Dość szybko wynik spotkania otworzyli piłkarze Zagłębia Sosnowiec. W 11. minucie lewą stroną uciekł Alexandre Critovao i w sytuacji sam na sam uderzył obok Nikołaja Bankowa. W pierwszej połowie nie oglądaliśmy wielu sytuacji po obu stronach bramki. W ekipie "Niebieskich" swoją okazję zmarnował Jakub Kowalski nie trafiając z ok. 8 metrów, a wodpowiedzi Adam Banasiak mając przed sobą niemal pustą bramkę trafił w... Bankowa.
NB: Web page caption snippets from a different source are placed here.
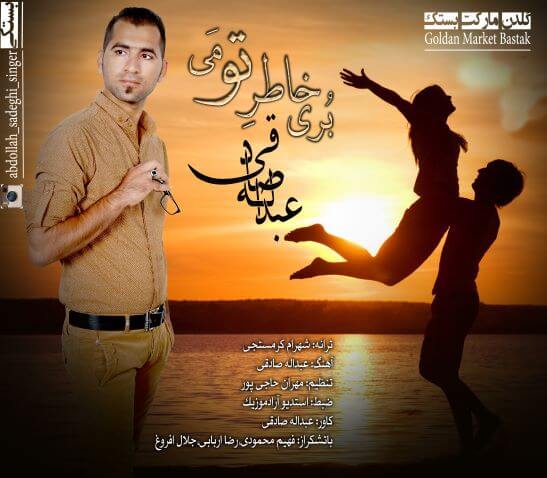 عبدالله صادقی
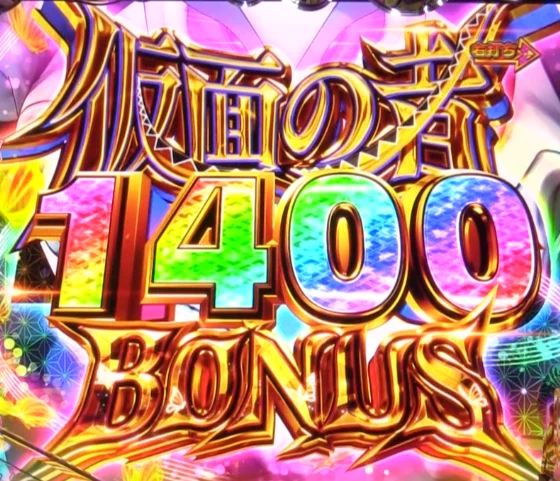 Pフィーバーうたわれるもの LT-Light ver.の仮面の者1400BONUS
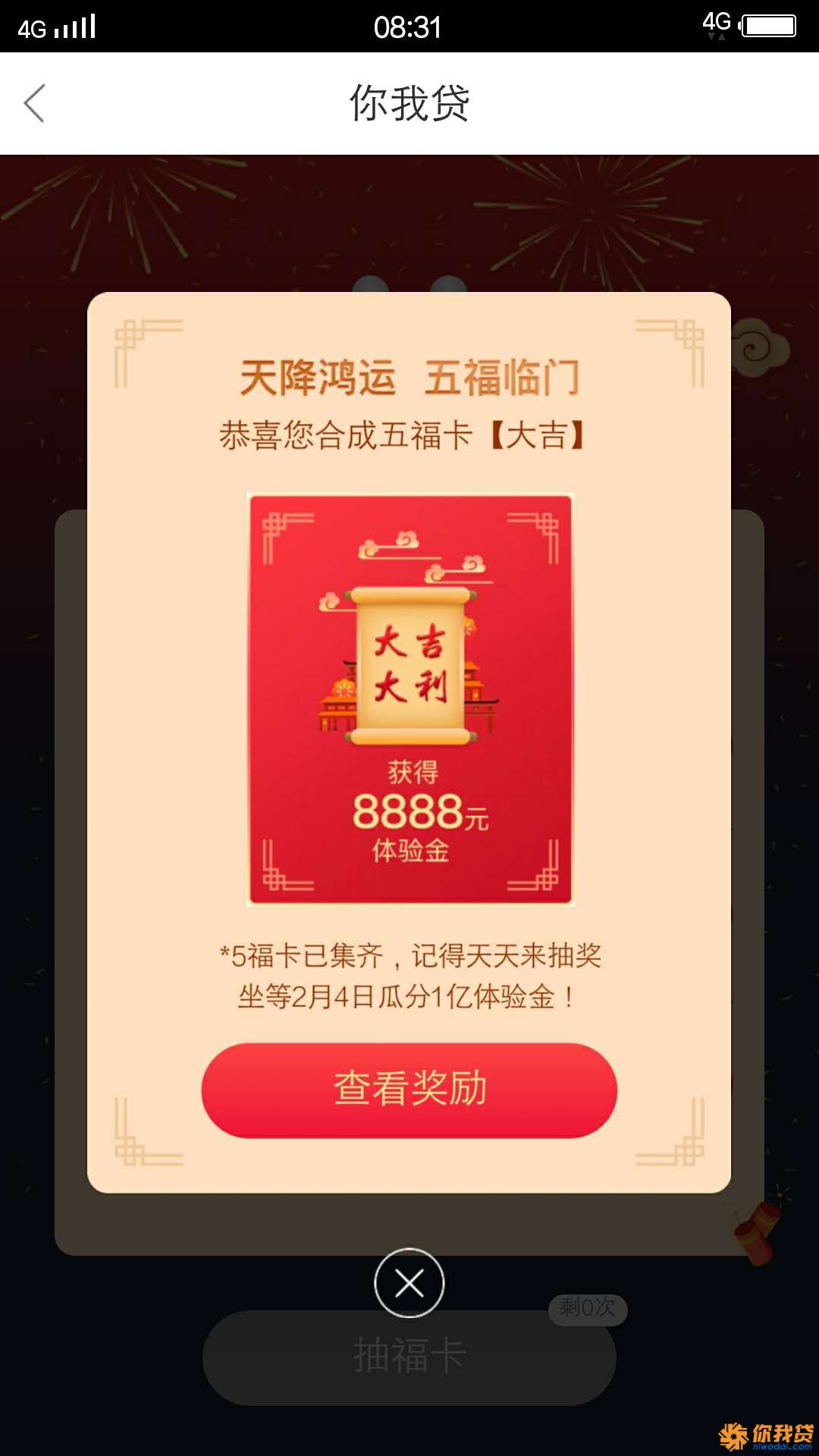 新奥2026天天开好彩，福运相伴乐无边，好运连连喜盈门，幸福安康永相随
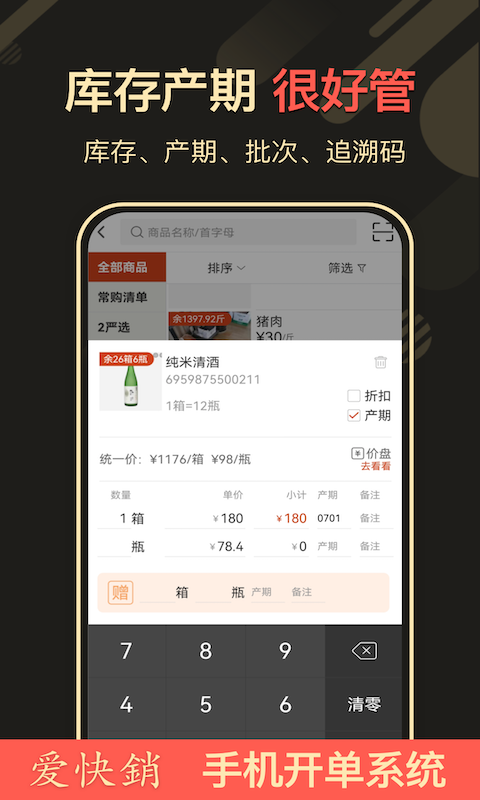 爱快销进销存app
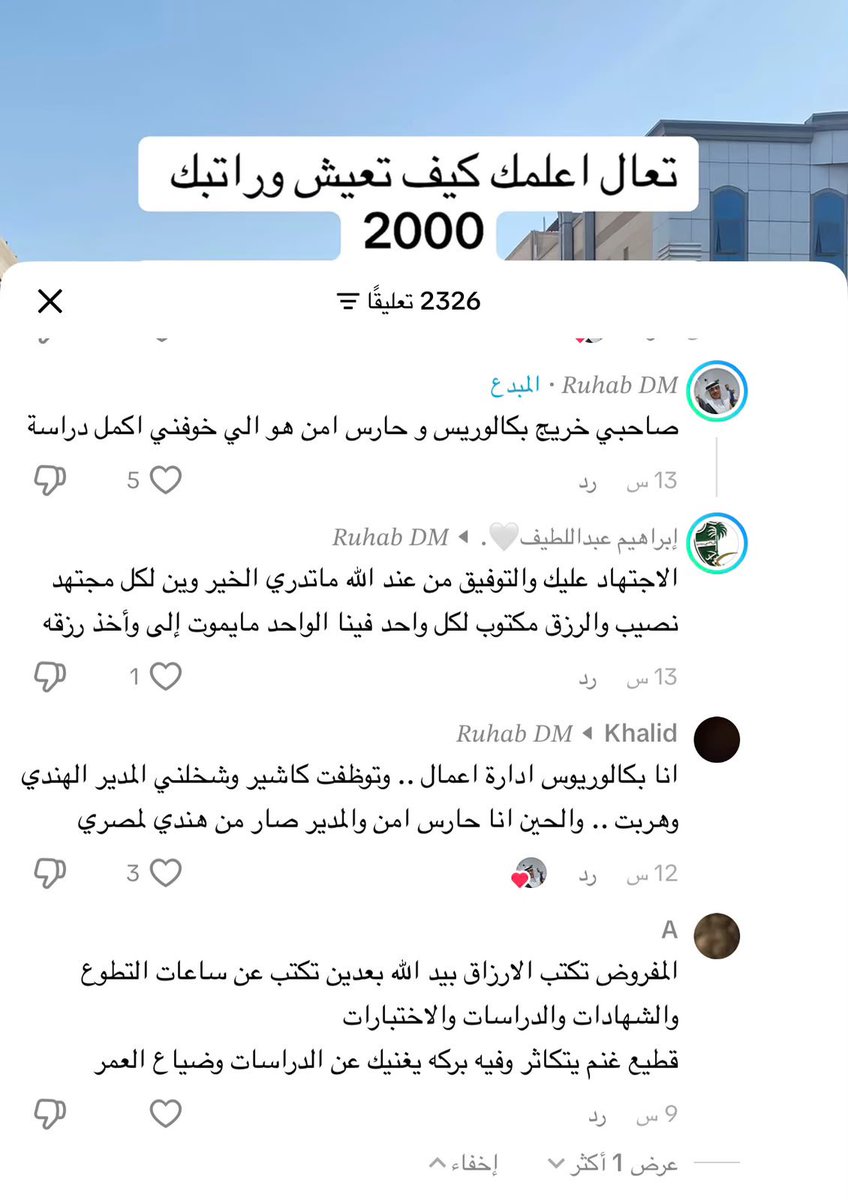 شمالي🇧🇭 tweet media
Zagłębie dominowało w tym spotkaniu na murawie, stwarzając coraz więcej okazji. Gospodarze, którzy kończyli mecz niemal samymi młodzieżowcami, długo nie potrafili zagrozić Zagłębiu.Chorzowianie próbowali sporadycznie swoich się, a godny uwagi był strzał w wykonaniu Mateusza Majewskiego, kiedy piłka o centymetry minęła bramkę.
Zagłębie dowiozło prowadzenie do końcowego gwizdka i mogło ze swoimi kibicami świętować awans do Lotto Ekstraklasy. Z kolei Ruch Chorzów po raz pierwszy w historii zagra w II lidze.
Oglądaliśmy zacięty mecz dwóch drużyn ze skrajnych miejsc w ligowej tabeli. Niestety w decydujących momentach zabrakło nam doświadczenia i piłkarskich umiejętności. Dlatego te decydujące momenty przeważyły na szalę Zagłębie, które to spotkanie wygrało.
– Bardzo żałujemy, że w takim meczu nie udało się więcej ugrać, bo szczególnie w pierwszej połowie mieliśmy kilka sytuacji, gdzie byliśmy pod bramką Zagłębia. Trochę złych decyzji, mogliśmy strzelić bramkę i ten mecz inaczej by wyglądał, czegoś zabrakło. W drugiej połowie nie byliśmy już tak konkretni i niestety nie udało się wygrać tak jak zakładaliśmy przed meczem. Chcieliśmy wygrać, cały czas wierzyliśmy, mieliśmy nadzieję. Niestety nie udało się, możemy tylko przeprosić. Od początku plan był taki, żeby Ruch został w pierwszej lidze i nie możemy się niczym pocieszać ani szukać jakiegoś usprawiedliwienia, traktujemy to jako porażkę. Naszym celem jest jak najszybszy powrót – mówił po meczu Maciej Urbańczyk.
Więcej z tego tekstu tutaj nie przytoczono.